Top of Dataset

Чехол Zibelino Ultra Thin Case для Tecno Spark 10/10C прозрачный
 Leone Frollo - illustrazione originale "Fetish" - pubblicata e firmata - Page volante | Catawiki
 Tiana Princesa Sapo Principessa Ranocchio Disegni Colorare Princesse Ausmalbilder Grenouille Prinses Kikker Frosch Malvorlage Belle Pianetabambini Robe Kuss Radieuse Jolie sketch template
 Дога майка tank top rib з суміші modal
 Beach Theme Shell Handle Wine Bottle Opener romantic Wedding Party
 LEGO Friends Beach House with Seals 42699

Bottom of Dataset

▶ _Goal of the exercise_: Lines containing the word "Beach" are to be located in the entries and copied.

▶ _Completed exercise_:
 Beach Theme Shell Handle Wine Bottle Opener romantic Wedding Party
 LEGO Friends Beach House with Seals 42699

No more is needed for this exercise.